The decreasing of contract sizes and spending power is not unique to the mid-level exception, certainly. But the changing value of the MLE, and the value of the players it can return, is evidential of and directly related to the overall curtailing of league spending ability.
New provisions within the 2011 CBA disincentivised higher payrolls. Teams with higher payrolls were subject not only to more punitive luxury tax penalties and the establishment of the repeater tax, but they also lost many of their roster management tools. They lost the non-taxpayer MLE, they lost the ability to sign and trade, and their rules on trading became more restrictive.
Moreover, the CBA’s further shortening of maximum contract lengths made roster turnover much more frequent, which also leads to much greater payroll flexibility and potential cap space. It was designed to be more difficult to get stuck, and it has worked.
A combination of these factors, plus the big increases in the salary cap, has made payroll flexibility and cap space rather widespread. Fifteen teams had cap space this year, as opposed to three in 2009 – half the league had room this year, then, rather than just a minority. This is merely the continuation of a recent trend. And more mid-range contracts are this trend’s by-product.
We may be seeing fewer full non-taxpayer MLE contracts due to the hard capping process that accompanies them now, and because of the fact that taxpaying teams only have the little brother MLE to work with, which even when used in its full amount barely passes into the middle class contract range.
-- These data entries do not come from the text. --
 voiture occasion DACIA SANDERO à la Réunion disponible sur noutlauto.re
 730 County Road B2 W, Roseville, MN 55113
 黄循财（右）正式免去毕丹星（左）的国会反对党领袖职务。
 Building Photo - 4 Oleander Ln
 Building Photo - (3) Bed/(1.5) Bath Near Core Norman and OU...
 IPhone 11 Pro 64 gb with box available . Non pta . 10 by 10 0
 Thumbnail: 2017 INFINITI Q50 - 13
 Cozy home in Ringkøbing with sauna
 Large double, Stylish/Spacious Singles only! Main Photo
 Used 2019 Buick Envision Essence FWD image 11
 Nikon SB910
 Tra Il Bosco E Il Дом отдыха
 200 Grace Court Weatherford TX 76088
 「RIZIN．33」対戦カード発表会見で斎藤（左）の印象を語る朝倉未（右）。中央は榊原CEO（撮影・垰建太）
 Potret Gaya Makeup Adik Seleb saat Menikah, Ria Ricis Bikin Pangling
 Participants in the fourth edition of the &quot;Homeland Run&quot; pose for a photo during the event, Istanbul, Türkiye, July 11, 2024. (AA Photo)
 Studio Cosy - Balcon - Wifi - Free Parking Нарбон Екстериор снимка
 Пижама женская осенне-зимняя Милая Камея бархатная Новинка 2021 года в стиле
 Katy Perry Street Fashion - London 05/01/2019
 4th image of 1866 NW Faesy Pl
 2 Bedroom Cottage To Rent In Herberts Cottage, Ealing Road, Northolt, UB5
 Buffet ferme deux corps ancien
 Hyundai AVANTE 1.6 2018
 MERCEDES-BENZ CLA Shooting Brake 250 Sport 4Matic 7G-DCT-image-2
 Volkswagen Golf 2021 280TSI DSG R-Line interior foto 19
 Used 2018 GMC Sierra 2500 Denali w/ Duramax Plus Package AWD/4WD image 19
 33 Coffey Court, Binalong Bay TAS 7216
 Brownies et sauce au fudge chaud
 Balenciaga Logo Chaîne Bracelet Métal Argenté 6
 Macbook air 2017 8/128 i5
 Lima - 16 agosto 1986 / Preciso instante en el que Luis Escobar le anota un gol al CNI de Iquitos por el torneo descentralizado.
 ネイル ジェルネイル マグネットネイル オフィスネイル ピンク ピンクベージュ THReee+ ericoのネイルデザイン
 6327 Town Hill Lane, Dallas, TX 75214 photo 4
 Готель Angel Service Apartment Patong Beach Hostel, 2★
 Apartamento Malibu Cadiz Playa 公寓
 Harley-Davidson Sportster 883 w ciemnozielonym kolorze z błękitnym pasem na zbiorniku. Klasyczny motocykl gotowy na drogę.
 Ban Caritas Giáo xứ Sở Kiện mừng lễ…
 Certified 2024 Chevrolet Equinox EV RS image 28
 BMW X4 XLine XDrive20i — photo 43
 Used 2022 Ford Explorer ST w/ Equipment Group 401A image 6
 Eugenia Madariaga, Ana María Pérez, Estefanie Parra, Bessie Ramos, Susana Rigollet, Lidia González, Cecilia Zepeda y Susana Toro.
But because so many teams have cap space, we are instead seeing ever more contracts of that size given out via this space, particularly by teams with little to no chance of landing the star players for so long automatically associated with being the purpose of having eight figures worth of cap room.
This is not entirely new to the 2011 CBA and was much in evidence in the summer of 2010 for all the unsuccessful LeBron suitors. But the 2011 CBA and its provisions continue and enhance the trend. If a player signs for MLE money now, they are actually signing for less than the average salary, and they are likely not signing it for very long. An MLE or equivalent contract is not that big anymore. The value of contracts changes as the cap does, and our perception must change with it.
MLE money to a good or potentially good role player is not the potential time bomb it once was. Giving this sort of money to Jodie Meeks or Josh McRoberts is not like giving it to Mark Blount or Troy Hudson.
The commitment of a full MLE to a player, or a comparable amount of cap room, is not the financial commitment it once was in light of the stagnation of its starting value and the declined raise percentages. And even if it does go wrong, it does not go wrong for as long. Think Landry Fields, not Brian Cardinal.